Mill Computing, Inc. › Forums › The Mill › Architecture › Prediction › Reply To: Prediction
Beyond object method dispatch, lambda passing style would be another source of unstable transfer points. Custom lambdas passed into central utilities are often per-use closures. On the upside, the actual function that will be called is hoisted all the way up to an input parameter, which again would be an ideal for software injecting “upcoming|next EBB” hints into the prefetcher.
For context, how many cycles ahead of an exit would the exit table need to be notified in order to prefetch code from cache to execute without any stalls? I suspect this would vary between family members. If it’s under 10, I would imagine software hints could eliminate stalls for many truly unstable dispatched exits.

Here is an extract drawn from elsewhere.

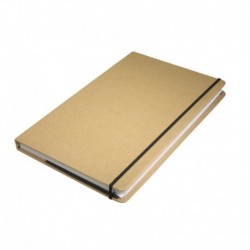 Kreatívny zápisník – 100 listový  13x21x1,5 cm – 2 kusy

I agree that DRAM latency isn’t worth considering in these optimization scenarios. However, if the 5-cycle mispredict penalties are a concern, the fact remains that the absolute correct target for fully dynamic dispatch should be available in the software view far enough ahead of the call in enough situations to be beneficial to the hardware mechanism. The problem is communicating it from software into hardware.
The Mill has software-controlled prefetching of data via speculation, but not software-controlled prefetching of code (that we’ve seen). If the hardware predictor consistently fails for a dispatched usage case, there’s no other way to update or augment its functionality.
Having a compiler decide between whether to generate preemptive dispatch hints vs letting the predictor attempt to compensate would probably best be left to runtime log feedback, and might not be used by all compilers. But not having that option at all seems to me to be missing functionality that manifests in penalizing dynamic code.
(Obviously, hopping through multiple layers of dynamic indirection quickly would likely cause stalls no matter the prefetch mechanism, but most dynamic designs boil down to just one indirection per function call.)